(About this exercise) Using the records below, give again exactly the lines from the line that contains "Solar PV/Inverter Performance" through the line that contains "Bar graph showing number of offences", both ends included, and only those.

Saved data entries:
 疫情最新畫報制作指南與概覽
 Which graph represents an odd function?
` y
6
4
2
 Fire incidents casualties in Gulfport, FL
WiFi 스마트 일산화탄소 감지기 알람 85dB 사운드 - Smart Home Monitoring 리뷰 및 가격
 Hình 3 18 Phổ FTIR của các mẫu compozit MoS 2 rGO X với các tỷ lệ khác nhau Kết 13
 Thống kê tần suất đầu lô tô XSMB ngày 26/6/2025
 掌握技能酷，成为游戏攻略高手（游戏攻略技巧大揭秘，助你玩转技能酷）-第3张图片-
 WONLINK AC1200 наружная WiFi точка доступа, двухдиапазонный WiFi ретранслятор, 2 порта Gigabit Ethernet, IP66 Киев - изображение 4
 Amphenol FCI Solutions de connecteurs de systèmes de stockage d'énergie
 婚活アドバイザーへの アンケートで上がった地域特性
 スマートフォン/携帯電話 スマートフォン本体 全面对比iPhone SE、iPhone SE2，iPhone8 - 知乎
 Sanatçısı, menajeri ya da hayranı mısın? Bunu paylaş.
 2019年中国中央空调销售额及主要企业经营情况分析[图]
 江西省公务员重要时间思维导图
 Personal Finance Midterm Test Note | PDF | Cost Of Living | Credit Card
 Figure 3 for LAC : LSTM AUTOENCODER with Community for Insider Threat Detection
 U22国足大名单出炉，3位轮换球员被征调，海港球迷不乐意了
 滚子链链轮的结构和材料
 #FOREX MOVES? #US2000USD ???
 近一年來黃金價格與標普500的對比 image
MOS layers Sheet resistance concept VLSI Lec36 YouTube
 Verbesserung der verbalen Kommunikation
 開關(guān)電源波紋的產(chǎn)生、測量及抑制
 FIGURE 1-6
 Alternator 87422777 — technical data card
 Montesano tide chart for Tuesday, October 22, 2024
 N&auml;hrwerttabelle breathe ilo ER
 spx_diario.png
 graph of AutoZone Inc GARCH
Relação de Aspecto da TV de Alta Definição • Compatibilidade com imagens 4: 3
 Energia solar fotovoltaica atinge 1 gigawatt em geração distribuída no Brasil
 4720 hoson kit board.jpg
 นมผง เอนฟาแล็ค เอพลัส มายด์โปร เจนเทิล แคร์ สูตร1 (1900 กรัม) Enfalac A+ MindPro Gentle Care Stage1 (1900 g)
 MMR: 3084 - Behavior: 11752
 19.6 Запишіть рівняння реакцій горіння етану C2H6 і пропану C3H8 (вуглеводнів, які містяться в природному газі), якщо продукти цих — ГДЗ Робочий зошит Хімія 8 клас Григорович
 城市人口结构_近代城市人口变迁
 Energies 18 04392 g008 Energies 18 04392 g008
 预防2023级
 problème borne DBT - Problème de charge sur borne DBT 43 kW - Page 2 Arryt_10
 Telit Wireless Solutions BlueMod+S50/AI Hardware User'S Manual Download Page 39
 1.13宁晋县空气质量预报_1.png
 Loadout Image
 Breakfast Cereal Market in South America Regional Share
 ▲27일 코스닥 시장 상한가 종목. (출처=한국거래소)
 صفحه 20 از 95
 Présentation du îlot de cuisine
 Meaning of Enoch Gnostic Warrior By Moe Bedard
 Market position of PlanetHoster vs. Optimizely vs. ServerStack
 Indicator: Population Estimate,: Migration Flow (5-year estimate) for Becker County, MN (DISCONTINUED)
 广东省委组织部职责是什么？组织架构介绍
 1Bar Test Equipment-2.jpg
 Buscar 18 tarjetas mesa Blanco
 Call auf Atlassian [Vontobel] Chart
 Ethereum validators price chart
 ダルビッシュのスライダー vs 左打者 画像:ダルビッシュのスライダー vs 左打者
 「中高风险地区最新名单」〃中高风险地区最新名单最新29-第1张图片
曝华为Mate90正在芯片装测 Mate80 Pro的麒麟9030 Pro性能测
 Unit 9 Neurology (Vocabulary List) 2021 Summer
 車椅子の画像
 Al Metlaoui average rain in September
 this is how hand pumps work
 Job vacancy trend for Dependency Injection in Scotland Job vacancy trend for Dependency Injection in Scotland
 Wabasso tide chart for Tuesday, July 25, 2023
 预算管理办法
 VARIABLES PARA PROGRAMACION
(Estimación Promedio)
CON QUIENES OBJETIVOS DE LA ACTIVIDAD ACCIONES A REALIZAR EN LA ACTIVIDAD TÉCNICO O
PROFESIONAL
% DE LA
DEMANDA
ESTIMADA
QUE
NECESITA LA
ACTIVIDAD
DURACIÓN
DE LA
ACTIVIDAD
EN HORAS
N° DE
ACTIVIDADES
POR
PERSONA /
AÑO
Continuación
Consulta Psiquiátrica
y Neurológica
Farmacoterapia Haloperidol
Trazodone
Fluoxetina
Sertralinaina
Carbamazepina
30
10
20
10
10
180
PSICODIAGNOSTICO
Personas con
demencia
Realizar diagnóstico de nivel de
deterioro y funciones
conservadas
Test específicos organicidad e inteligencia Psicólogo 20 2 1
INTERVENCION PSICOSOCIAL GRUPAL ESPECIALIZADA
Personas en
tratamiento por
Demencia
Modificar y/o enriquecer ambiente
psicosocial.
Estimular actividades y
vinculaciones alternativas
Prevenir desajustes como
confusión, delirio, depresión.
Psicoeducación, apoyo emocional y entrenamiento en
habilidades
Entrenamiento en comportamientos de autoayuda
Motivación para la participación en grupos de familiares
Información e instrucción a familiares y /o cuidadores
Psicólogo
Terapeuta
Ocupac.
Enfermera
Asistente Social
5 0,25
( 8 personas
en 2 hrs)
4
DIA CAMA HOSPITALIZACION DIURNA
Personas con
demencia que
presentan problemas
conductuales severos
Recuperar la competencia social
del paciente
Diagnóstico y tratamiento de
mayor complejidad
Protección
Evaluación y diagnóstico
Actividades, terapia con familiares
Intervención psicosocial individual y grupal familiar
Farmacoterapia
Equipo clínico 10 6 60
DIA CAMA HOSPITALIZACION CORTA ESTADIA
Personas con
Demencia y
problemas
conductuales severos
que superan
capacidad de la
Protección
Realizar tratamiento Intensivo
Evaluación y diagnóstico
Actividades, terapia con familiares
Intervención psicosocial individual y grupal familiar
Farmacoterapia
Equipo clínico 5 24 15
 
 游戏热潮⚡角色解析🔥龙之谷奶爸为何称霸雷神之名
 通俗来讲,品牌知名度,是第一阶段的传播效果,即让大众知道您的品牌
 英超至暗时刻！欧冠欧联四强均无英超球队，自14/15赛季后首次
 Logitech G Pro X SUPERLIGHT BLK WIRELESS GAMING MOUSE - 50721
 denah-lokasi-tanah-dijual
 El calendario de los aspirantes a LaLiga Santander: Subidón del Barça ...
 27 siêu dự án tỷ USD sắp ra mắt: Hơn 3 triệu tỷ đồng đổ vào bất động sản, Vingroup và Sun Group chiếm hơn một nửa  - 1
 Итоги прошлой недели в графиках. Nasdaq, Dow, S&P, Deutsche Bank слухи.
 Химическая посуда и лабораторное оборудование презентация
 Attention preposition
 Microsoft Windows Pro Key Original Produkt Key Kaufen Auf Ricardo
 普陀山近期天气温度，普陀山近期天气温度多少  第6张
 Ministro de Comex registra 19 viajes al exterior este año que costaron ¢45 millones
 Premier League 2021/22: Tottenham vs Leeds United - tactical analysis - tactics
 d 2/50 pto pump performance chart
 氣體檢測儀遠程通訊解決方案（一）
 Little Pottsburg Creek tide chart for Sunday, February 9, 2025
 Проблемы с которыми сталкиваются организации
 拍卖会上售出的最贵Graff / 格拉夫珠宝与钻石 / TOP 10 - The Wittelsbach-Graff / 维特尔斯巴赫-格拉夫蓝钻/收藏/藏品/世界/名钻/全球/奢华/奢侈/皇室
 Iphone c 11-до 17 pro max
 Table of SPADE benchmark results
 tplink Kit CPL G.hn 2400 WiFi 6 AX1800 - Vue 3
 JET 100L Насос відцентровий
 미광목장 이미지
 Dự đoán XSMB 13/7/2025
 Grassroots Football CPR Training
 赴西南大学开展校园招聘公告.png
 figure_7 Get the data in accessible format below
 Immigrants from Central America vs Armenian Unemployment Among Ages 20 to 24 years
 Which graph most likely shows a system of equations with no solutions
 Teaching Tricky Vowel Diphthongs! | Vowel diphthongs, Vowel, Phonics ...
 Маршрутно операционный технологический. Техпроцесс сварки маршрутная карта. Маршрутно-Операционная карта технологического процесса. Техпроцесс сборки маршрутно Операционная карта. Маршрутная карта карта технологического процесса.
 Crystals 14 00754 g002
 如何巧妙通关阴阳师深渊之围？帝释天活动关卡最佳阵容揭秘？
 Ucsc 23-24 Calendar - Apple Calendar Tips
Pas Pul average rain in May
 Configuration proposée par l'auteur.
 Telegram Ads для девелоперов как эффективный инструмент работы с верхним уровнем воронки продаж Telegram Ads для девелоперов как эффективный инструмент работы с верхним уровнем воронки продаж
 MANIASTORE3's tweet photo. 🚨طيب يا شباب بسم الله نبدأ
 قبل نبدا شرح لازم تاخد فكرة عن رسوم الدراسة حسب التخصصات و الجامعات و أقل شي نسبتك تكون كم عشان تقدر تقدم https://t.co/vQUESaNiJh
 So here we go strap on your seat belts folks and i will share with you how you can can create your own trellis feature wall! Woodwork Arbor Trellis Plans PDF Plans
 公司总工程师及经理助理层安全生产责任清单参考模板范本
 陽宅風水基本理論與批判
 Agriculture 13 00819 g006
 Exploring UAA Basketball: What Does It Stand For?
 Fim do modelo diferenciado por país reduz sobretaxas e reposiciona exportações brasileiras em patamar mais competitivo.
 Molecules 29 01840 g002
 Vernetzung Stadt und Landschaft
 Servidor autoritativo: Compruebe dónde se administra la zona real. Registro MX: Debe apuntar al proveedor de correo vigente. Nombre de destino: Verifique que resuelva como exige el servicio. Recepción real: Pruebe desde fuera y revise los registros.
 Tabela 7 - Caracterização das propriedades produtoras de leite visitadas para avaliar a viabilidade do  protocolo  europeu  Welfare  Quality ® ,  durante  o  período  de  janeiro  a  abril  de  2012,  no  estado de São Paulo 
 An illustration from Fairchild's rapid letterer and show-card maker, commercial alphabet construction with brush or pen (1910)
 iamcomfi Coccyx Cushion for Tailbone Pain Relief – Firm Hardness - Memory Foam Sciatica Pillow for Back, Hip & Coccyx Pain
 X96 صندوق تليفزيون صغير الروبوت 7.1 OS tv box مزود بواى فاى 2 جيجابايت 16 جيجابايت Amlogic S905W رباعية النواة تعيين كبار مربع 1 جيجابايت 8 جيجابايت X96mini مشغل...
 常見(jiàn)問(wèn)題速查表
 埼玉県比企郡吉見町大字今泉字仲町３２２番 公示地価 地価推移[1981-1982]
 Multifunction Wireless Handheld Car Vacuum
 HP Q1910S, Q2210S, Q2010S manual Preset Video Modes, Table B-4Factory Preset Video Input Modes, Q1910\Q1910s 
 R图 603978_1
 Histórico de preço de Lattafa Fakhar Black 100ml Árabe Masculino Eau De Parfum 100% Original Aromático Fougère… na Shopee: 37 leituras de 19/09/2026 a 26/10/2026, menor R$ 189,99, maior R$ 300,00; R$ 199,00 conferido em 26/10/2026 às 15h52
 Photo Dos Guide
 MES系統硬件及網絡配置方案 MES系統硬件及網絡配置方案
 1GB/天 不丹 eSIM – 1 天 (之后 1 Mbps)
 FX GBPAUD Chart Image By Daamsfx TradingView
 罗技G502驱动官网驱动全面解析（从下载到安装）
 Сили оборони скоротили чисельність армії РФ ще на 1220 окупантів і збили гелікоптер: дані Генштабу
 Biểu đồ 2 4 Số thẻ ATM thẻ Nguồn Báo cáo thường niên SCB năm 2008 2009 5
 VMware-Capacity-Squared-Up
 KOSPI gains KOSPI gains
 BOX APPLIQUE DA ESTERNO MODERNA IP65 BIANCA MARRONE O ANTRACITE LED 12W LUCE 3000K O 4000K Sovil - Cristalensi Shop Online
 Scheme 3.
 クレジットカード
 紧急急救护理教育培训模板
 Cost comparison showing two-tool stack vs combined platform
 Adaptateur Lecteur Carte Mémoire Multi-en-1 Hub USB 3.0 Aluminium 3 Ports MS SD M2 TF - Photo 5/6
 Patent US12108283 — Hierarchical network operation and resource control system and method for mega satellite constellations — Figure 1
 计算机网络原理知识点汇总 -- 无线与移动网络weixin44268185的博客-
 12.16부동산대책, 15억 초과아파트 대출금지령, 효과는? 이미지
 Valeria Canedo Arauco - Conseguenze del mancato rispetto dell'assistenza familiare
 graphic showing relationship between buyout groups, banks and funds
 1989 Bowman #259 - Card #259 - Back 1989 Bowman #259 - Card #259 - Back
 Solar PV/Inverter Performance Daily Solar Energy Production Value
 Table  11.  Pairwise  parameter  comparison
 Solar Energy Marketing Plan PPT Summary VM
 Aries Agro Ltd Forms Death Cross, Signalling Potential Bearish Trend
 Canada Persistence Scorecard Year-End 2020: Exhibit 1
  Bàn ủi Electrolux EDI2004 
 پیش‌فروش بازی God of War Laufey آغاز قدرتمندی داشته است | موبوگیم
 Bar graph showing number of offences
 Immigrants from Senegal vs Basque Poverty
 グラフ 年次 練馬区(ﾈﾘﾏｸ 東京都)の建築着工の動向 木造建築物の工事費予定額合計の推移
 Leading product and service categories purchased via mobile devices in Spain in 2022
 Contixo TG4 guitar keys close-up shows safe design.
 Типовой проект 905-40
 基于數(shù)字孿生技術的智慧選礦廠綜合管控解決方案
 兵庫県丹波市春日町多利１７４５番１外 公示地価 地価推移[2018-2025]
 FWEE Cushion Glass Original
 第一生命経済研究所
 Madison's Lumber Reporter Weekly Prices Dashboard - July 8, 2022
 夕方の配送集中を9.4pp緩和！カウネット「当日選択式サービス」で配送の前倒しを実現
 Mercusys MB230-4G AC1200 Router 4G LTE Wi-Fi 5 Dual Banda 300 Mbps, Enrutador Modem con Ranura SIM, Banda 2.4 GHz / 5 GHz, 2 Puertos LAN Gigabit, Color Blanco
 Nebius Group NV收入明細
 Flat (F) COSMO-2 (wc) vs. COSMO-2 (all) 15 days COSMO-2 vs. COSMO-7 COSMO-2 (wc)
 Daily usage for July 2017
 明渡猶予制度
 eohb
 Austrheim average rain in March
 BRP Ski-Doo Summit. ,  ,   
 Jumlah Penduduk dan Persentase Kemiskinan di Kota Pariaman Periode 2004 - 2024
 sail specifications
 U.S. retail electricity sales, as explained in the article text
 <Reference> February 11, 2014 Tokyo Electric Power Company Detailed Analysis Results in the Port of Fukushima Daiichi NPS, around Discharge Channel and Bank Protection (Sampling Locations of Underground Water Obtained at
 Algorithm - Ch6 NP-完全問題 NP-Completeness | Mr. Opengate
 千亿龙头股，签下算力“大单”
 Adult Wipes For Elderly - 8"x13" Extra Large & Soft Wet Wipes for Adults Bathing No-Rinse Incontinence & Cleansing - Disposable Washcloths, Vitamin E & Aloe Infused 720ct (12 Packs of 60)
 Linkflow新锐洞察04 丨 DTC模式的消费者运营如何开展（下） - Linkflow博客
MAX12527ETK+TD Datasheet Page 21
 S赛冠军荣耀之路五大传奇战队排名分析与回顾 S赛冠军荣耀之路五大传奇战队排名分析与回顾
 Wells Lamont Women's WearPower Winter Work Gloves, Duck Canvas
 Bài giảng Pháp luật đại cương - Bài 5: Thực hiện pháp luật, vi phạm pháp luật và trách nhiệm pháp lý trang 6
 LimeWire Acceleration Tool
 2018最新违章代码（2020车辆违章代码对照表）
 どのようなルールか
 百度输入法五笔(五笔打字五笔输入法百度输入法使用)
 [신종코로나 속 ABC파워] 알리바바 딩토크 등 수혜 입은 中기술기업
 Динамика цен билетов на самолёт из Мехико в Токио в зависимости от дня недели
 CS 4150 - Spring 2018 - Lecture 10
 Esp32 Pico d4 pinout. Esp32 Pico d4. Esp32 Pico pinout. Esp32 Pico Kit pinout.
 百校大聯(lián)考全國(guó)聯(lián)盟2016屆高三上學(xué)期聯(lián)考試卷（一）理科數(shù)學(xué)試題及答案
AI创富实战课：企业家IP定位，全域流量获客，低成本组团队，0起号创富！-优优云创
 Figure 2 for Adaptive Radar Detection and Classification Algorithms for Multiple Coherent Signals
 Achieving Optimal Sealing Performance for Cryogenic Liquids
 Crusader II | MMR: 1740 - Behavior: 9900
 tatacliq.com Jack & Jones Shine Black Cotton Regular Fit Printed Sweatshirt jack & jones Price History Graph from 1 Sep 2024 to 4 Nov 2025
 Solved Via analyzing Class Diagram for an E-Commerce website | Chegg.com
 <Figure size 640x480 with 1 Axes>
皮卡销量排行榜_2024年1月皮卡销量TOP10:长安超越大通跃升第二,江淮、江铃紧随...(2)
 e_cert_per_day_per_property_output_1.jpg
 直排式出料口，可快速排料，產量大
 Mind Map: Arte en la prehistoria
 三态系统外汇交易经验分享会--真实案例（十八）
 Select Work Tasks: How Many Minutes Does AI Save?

(Exercise solution)
 Solar PV/Inverter Performance Daily Solar Energy Production Value
 Table  11.  Pairwise  parameter  comparison
 Solar Energy Marketing Plan PPT Summary VM
 Aries Agro Ltd Forms Death Cross, Signalling Potential Bearish Trend
 Canada Persistence Scorecard Year-End 2020: Exhibit 1
  Bàn ủi Electrolux EDI2004 
 پیش‌فروش بازی God of War Laufey آغاز قدرتمندی داشته است | موبوگیم
 Bar graph showing number of offences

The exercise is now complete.